Pero hoy, con 81 años, ajeno por completo al negociado televisivo y a las nuevas tecnologías, Oliart no parece el hombre adecuado para pilotar los nuevos tiempos del apagón analógico, las nuevas fórmulas de sustento de la televisión pública y la irrupción de internet en las fórmulas clásicas televisivas: todo dependerá, claro, de a quién coloque, o le coloquen, como director ejecutivo.


¿Por qué, pues, Oliart? ¿No había una figura más adecuada, más representativa de los nuevos tiempos, en el necesario consenso entre Partido Socialista Obrero Español y Partido Popular? ¿Es lógico que, en una empresa pública deficitaria y que jubila a sus trabajadores a los 52 años, ocupe la presidencia un octogenario, por muy respetable que sea, que sin duda lo es? ¿Hay alguien interesado en debilitar sustancialmente la televisión pública? Pues que lo digan. Ese es un debate pendiente desde hace casi dos décadas. Pero siempre se ha preferido mantener la selva audiovisual, sometida a todo tipo de arbitrariedades, montajes políticos y maniobras incluso desde la mismísima Moncloa. La última, la aprobación por decreto, nada menos que en un Consejo de Ministros un 13 de agosto, de las TDT (Televisión Digital Terrestre) de pago, contra el criterio del Consejo de Estado.

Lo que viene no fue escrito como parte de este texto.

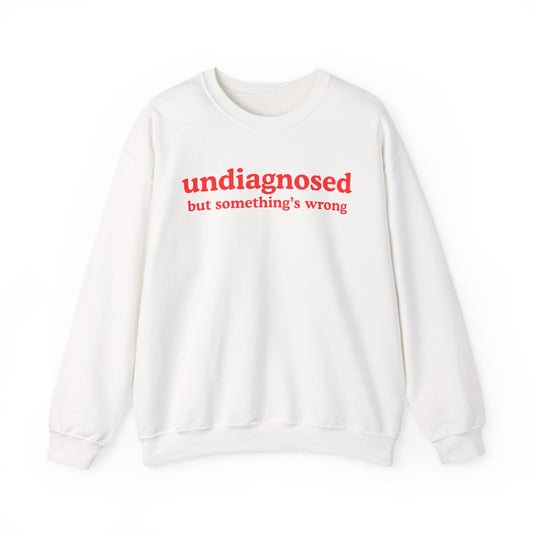 Undiagnosed (but something's wrong) Unisex Sweatshirt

A Luis Fernández hay que reconocerle que supo mantener a Radio Televisión Española en una independencia política que no había tenido con gobiernos anteriores, a lo que le ayudó no poco el equipo de informativos. Pero también mantuvo, si es que no agravó, el caos económico de un ex Ente que acumuló una deuda increíblemente millonaria. Puede que haya que redimensionar la radio y la televisión públicas –no solamente las estatales, claro, sino también las autonómicas, las locales de municipios...–; pero ábrase ya el debate.

Puede que los contenidos de estas teles, todavía analógicas, no sean los más adecuados, puede que las fusiones entre las cadenas privadas -algunas de las uniones que se han planteado eran, o son, antinatura- sean obligadas; entonces, en ese caso, respétense las reglas de la competencia y renuncie el Gobierno, los gobiernos, a meter mano en el asunto...

En fin, que la renuncia de Fernández, sean cuales fueren los verdaderos motivos, evidencia el estado de caos en el que se encuentra la cosa audiovisual. Y no parece que vaya a ser el veteranísimo señor Oliart, por quien vuelvo a expresar todos mis respetos, quien pueda venir a poner orden en un cotarro que tanta gente quiere alborotar.